According to this research study by the EPA published June 2010, ‘fracturing is a well stimulation process used to maximize the extraction of oil, natural gas or geothermal energy.’ The Saturday Essay of April 2, 2011, in the Wall Street Journal entitled Stepping on the Gas by Daniel Yergin, peaked my interest in the topic. I realized I had seen or heard the word ‘Fracking’ used for the technology countless times. But, I really had no clear idea what the concepts were behind it. As with most things, understanding is an essential part of being able to make informed decisions. And, this issue certainly begs for that.
With any of the following publications, consider the context and the source. The intent of this diary is to illustrate the basic process and does not necessarily agree with the claims of the articles.
A little history of the technology taken from the WSJ article …
In the early 1980s, George P. Mitchell, a Houston-based independent energy producer, could see that his company was going to run out of natural gas. Mr. Mitchell’s company was contracted to deliver a substantial amount of natural gas from Texas to feed a pipeline serving Chicago. But the reserves on which he depended were running down, and it was not at all clear where he could find more gas to replace the depleting supply.

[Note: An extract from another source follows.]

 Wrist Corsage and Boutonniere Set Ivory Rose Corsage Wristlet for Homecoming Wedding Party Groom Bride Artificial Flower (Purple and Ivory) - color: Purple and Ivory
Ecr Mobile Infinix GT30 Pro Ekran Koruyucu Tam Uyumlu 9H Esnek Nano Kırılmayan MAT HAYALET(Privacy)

Perhaps the natural gas that was locked into shale could be freed and made to flow. The laboratory for his experiment was a sprawling geologic formation called the Barnett Shale around Dallas and Fort Worth. The payoff came a decade and a half later, at the end of the 1990s. Using a specialized version of a technique called hydraulic fracturing (now widely known as “fracking” or “fracing”), his team found an economical way to create or expand fractures in the rock and to get the trapped gas to flow.
According to the author Daniel Yergin…
As late as 2000, shale gas was just 1% of American natural-gas supplies. Today, it is about 25% and could rise to 50% within two decades. Estimates of the entire natural-gas resource base, taking shale gas into account, are now as high as 2,500 trillion cubic feet, with a further 500 trillion cubic feet in Canada. That amounts to a more than 100-year supply of natural gas.

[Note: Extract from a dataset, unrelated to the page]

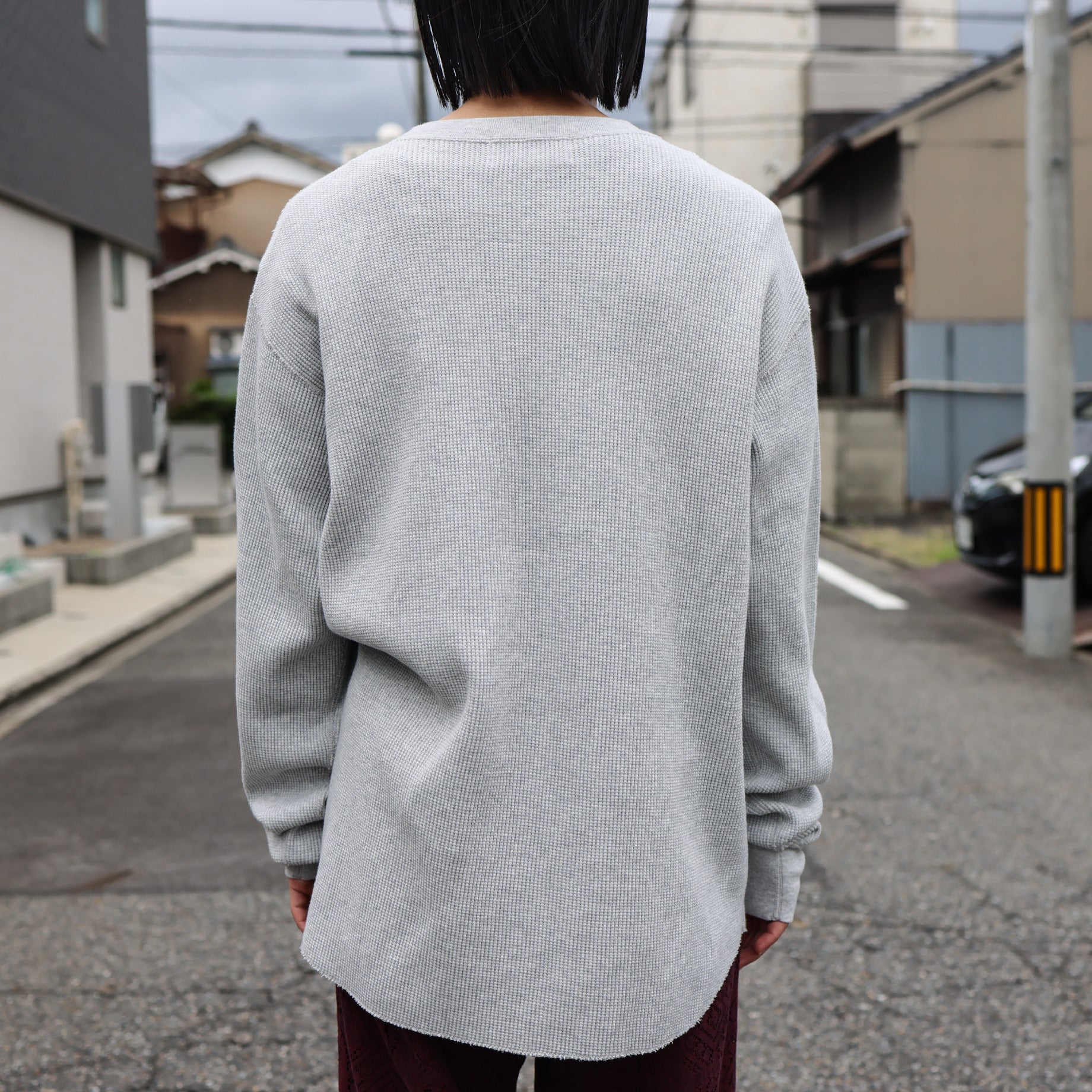 LONG-SLEEVE WAFFLE T-SHIRT(GRAY)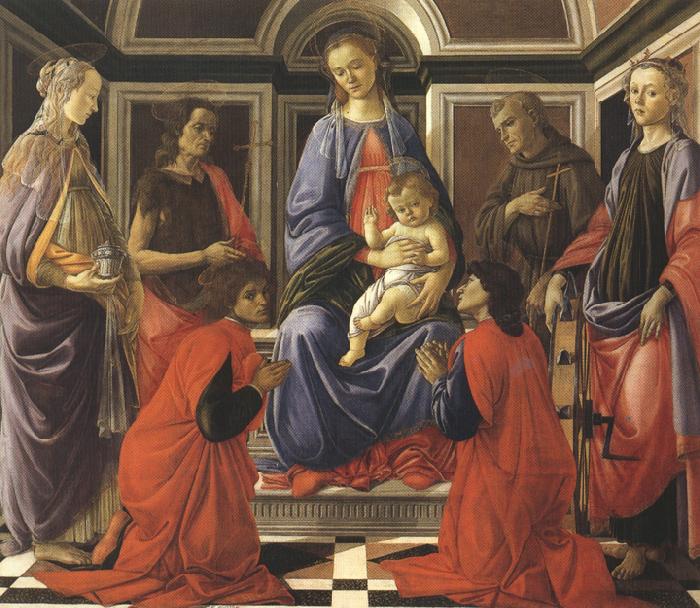 Sandro Botticelli Madonna enthroned with Child and Saints (mk36) oil painting picture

Two illustrations of the process…
From the EPA study, drilling is done to the rock layer followed by a horizontal turn to follow the layer.
Large amounts of water, sand, and chemicals are needed. The wastewaters from the drilling and fracturing process require proper disposal. Public concerns and potential risks of contamination of water supplies appear in many reports.
A closer view from ProPublica adds some detail to the basic plan.
The NY Times published this 8 part interactive which looked at the process and hazards of hydraulic fracturing.
Halliburton’s web site offers an interactive as well. They are a major player in the drilling industry. But, their graphic does illustrate the basic process.
Finally, this video shows the process as clearly as any I have seen.
I hope this set of information helps you understand what is going on in the fracking process. Many areas of the country are experiencing fracking, or will be. My goal was to de-mystify the process and arm more people with some facts. Then, they may speak their minds more confidently and eloquently as they make their cases in public and private.